Mówi on także o scaleniu w jedną spółkę ośrodków regionalnych TVP, komercjalizacji TVP1 i o tym, że Platforma Obywatelska rozważa wcześniejsze wybory parlamentarne.
tłumaczy, że rząd chce kontrolować proces sprzedaży szpitali, "wprowadzić okres przejściowy, kiedy nie wolno robić zmian własnościowych".
- Majątek szpitala - ziemia, budynki, sprzęt - będzie pozostawał własnością samorządu, a zarządzać szpitalem będzie spółka operatorska - dodaje wicepremier.
Na pytanie, jak długo nie będzie można sprzedać szpitala odpowiada: "Dwa, trzy lata. Najpierw z mocy ustawy publiczny ZOZ (zakład opieki zdrowotnej - red.) byłby przekształcany w spółkę. Majątek pozostaje w samorządzie i to samorząd znajduje nowego zarządcę, czyli spółkę operatorską. Samorząd może sam ją utworzyć i mieć w niej udziały lub wybrać ją w drodze przetargu. Dopiero po upływie ustawowego czasu samorząd decydowałby, co dalej ze szpitalem".
W odniesieniu do mediów Schetyna mówi, że PO chce połączyć terenowe ośrodki publicznego radia i telewizji w jedną spółkę, żeby nie powielać administracji.

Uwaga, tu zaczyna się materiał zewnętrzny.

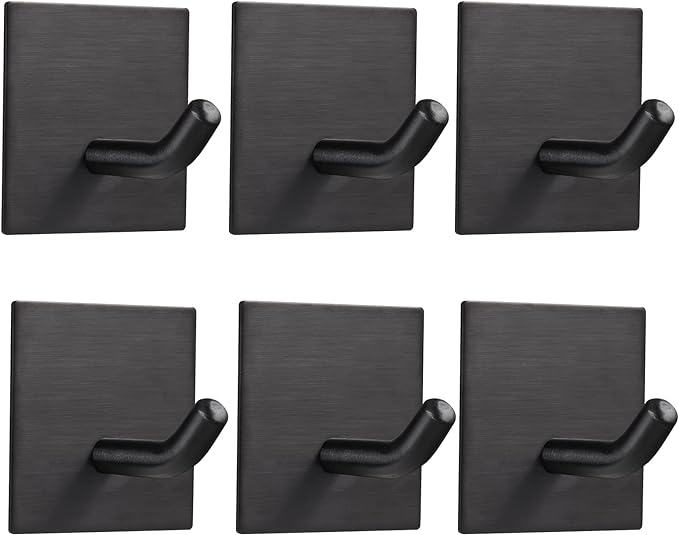Heavy Duty Adhesive Hooks, Stick on Wall Adhesive Hangers, Strong Stainless Steel Holder, Self Adhesive Hooks for Kitchen Bathroom Home Door Towel Coat Key Robe 6 Packs Black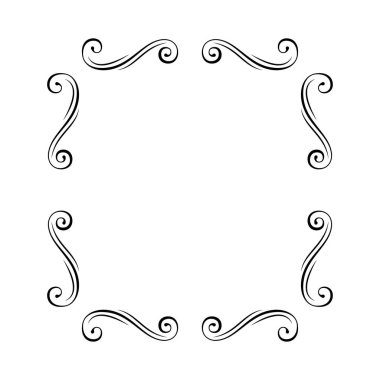 Çerçeve güzelleşmek. Swirls. Bölücüler, vinyetlerin, kaligrafi, dekoratif ayarla sayfası dekorasyon şablonu, tasarım öğeleri retro tarzı. Vektör.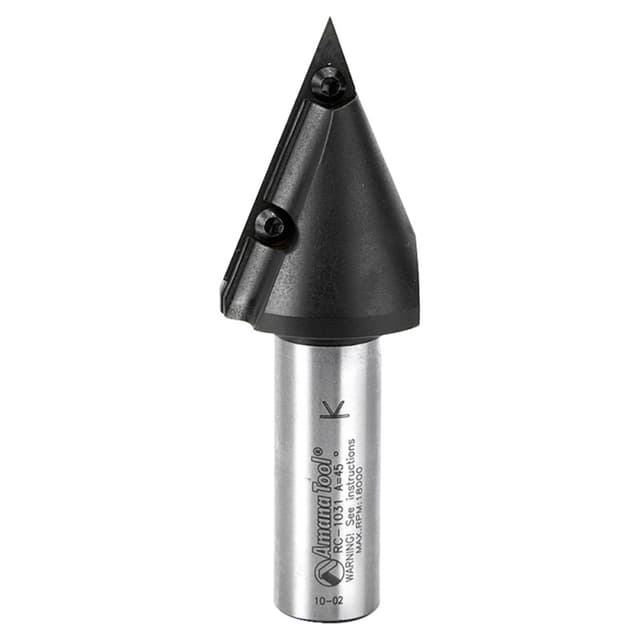 1-1/2" x 4-1/4" 45° CNC Insert V-Groove Router Bit, 1-Flute, 3/4" Shank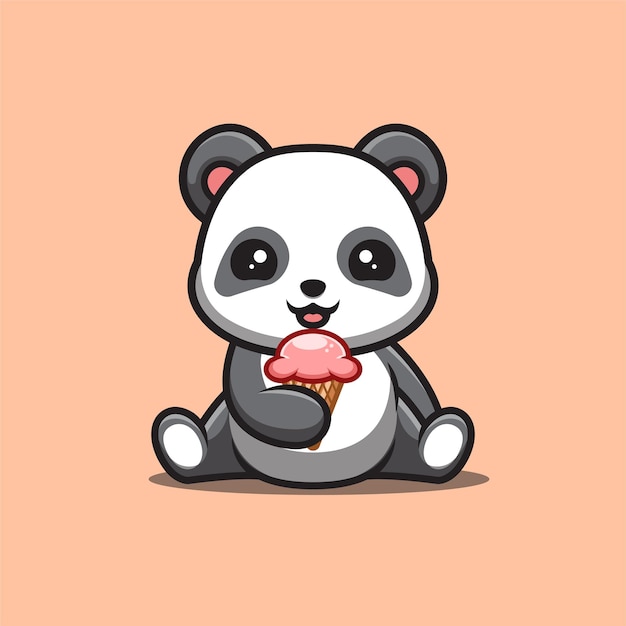 Panda sentado comiendo helado Cute Creative Kawaii Cartoon Mascot Logo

- Ale nie będzie tak, że dyrektor wydziału promocji urzędu marszałkowskiego zostanie prezesem ośrodka TVP czy Polskiego Radia. Pluralistyczne będą nie tylko rady programowe, ale też nadzorcze. Będą w nich przedstawiciele wojewody, KRRiT, marszałka województwa, największych miast lub stowarzyszeń twórczych - wyjaśnia.
I zapewnia, że media regionalne pozostaną publiczne. - Chcielibyśmy, by publiczne media w terenie działały na wzór niemieckich - promowały region i budowały tożsamość lokalną. Powinny realizować publiczną misję, np. w najlepszym czasie antenowym nadawać relacje z ważnych wydarzeń kulturalnych czy sportowych w regionie. I wtedy będą mogły liczyć na pieniądze z Funduszu Misji Publicznej - mówi szef MSWiA.
Według niego, program 1 TVP mógłby być komercyjny, ale nie prywatny. - Emitowałby reklamy i konkurował z innymi stacjami komercyjnymi. "Jedynka" finansowałaby w części Fundusz Misji Publicznej, "Dwójkę", która będzie programem misyjnym, oraz kanały radia publicznego - dodaje.
Pytany o wcześniejsze wybory parlamentarne Schetyna opowiada, że PO rozważa ten wariant ze względu na pierwszą prezydencję Polski w UE, która zaczyna się w lipcu 2011 r.
- Nie jestem w stanie wyobrazić sobie połączenia objęcia prezydencji z przygotowaniami do wyborów parlamentarnych. Lepiej byłoby przeprowadzić wybory w czerwcu 2011 r., przed rozpoczęciem prezydencji - wyjaśnia.